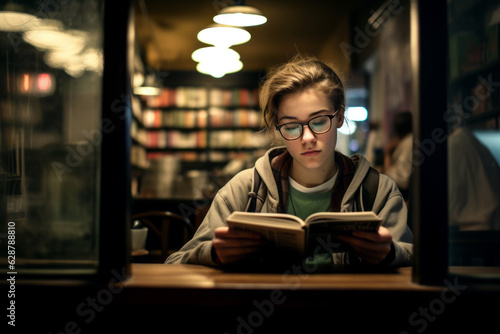 Teen engrossed in literature in a quiet bookstore, a reflection of youthful intellect and the joy of solitary exploration in a world of words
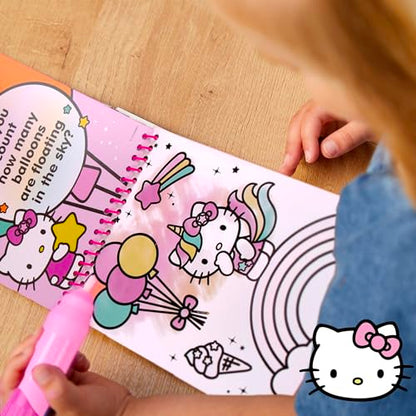 Hello Kitty Aqua Art Pad, 4 Art Pages, On The Go Reusable Water-Reveal Activity Pad, Mess Free Arts and Crafts, Paint with Water Brush Set, Kids Toys, Sanrio Stuff, Hello Kitty Craft Kits for Kids 3+ - style: Hello Kitty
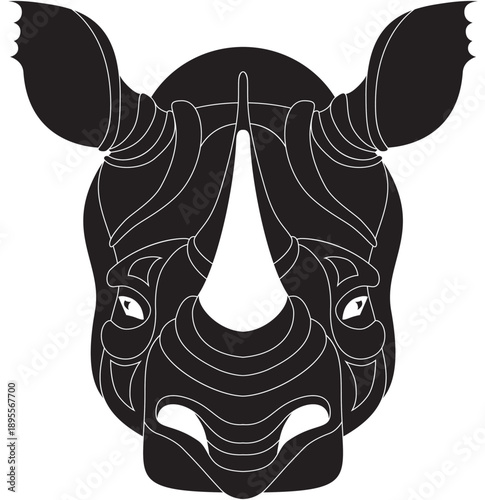 rhinoceros head logo animal. vector rhino illustration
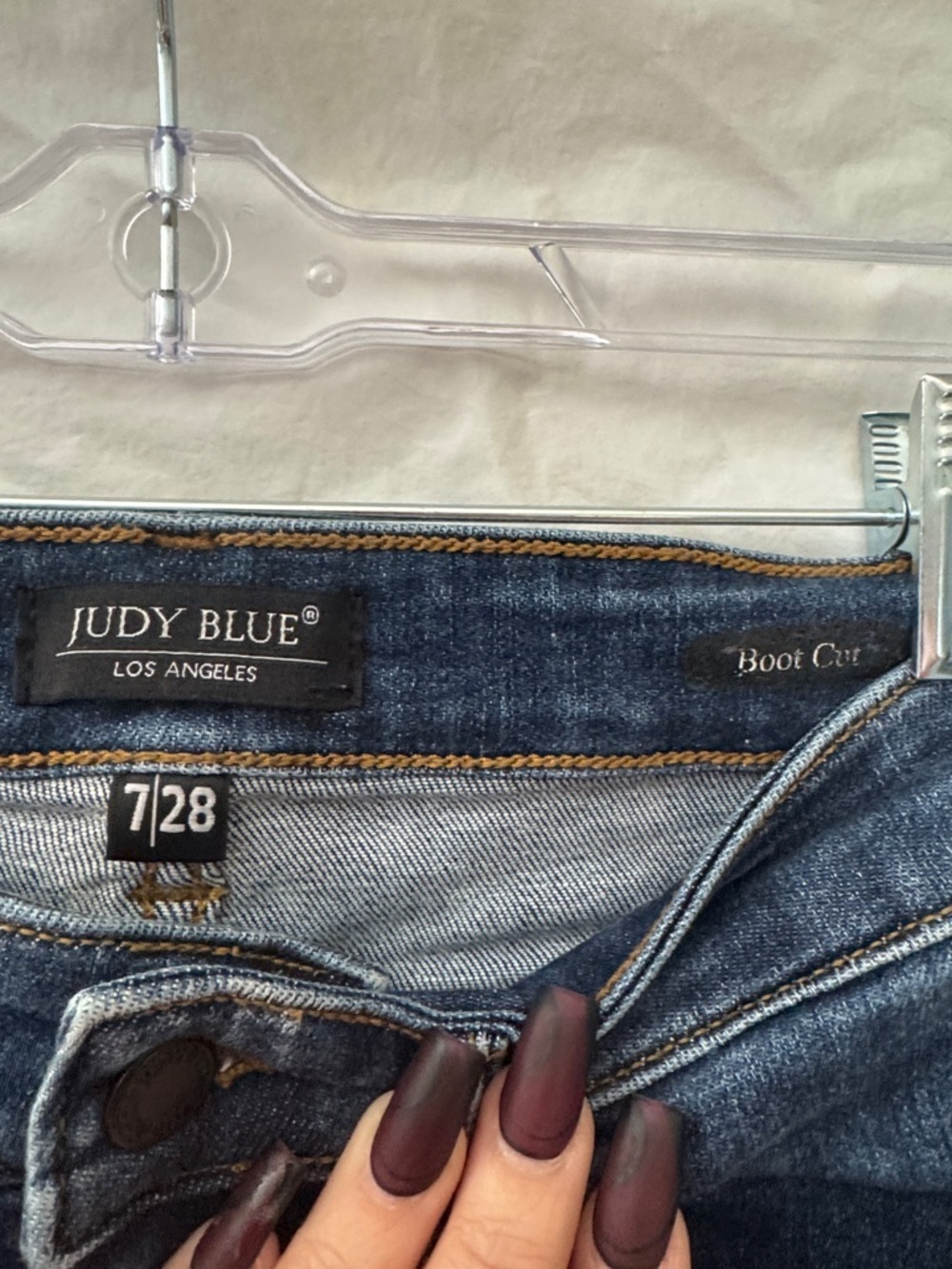 Judy Blue High Rise Raw Hem Dark Blue Bootcut Jeans - Picture 2 of 8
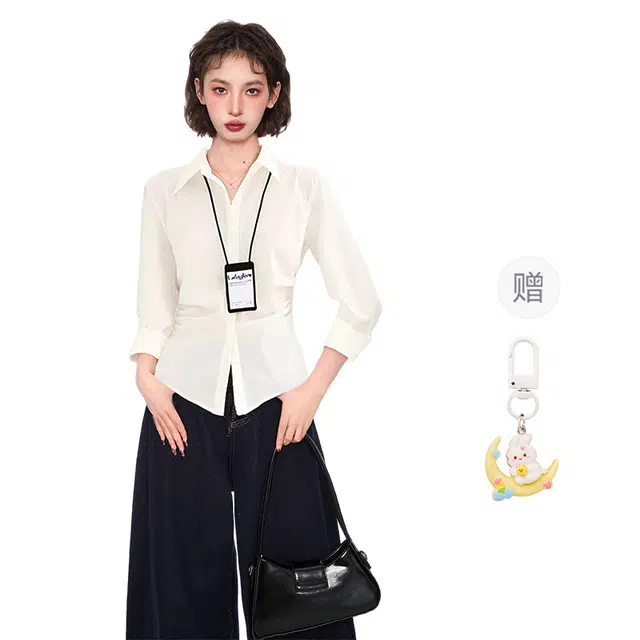 柏黛妃 翻领修身收腰薄款纯色简约长袖衬衫 女款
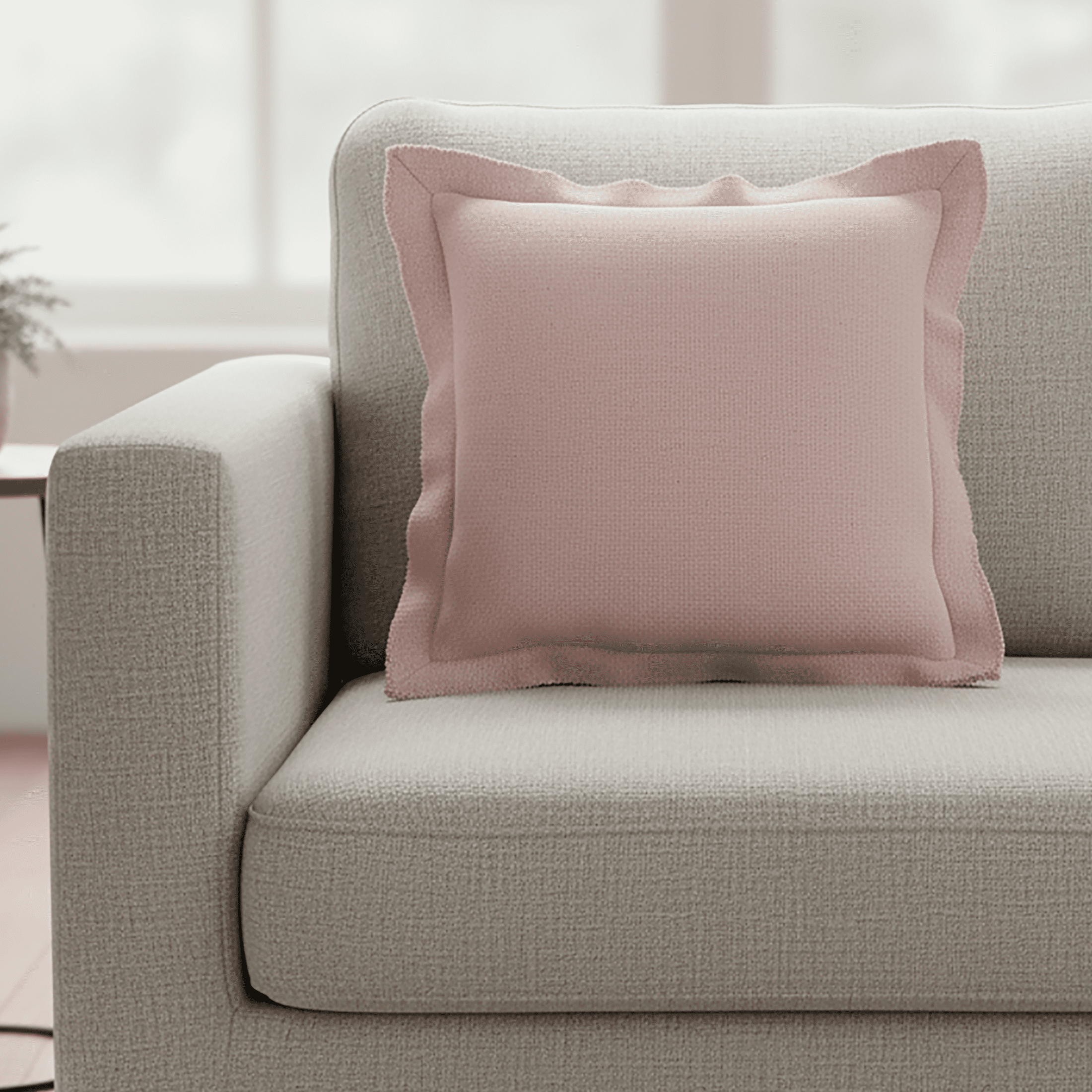 Better Homes & Gardens 20" x 20" Blake Bi-Flange Throw Pillow Cover, Antique Blush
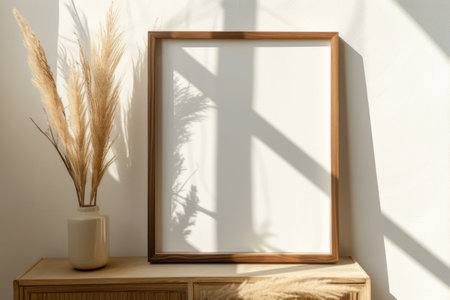 Photo frame mockup in a living room with soft light casting shadows on a white wall, adorned with wooden decor and dry grassの素材
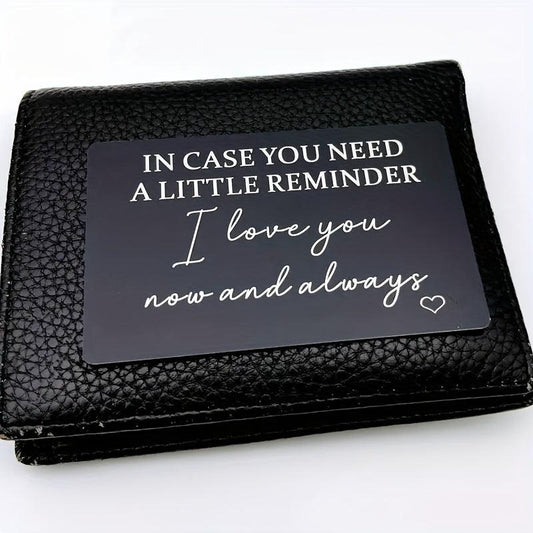 Engraved Aluminum Wallet Insert Card Love Note Romantic Gift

■ WHAT TO WORK ON: Repeat only the lines from the one holding "rhinoceros head logo" through the last line of the data, inclusive. Keep the pictures out.

■ EXPECTED OUTPUT:
 rhinoceros head logo animal. vector rhino illustration
 Judy Blue High Rise Raw Hem Dark Blue Bootcut Jeans - Picture 2 of 8
 柏黛妃 翻领修身收腰薄款纯色简约长袖衬衫 女款
 Better Homes & Gardens 20" x 20" Blake Bi-Flange Throw Pillow Cover, Antique Blush
 Photo frame mockup in a living room with soft light casting shadows on a white wall, adorned with wooden decor and dry grassの素材
 Engraved Aluminum Wallet Insert Card Love Note Romantic Gift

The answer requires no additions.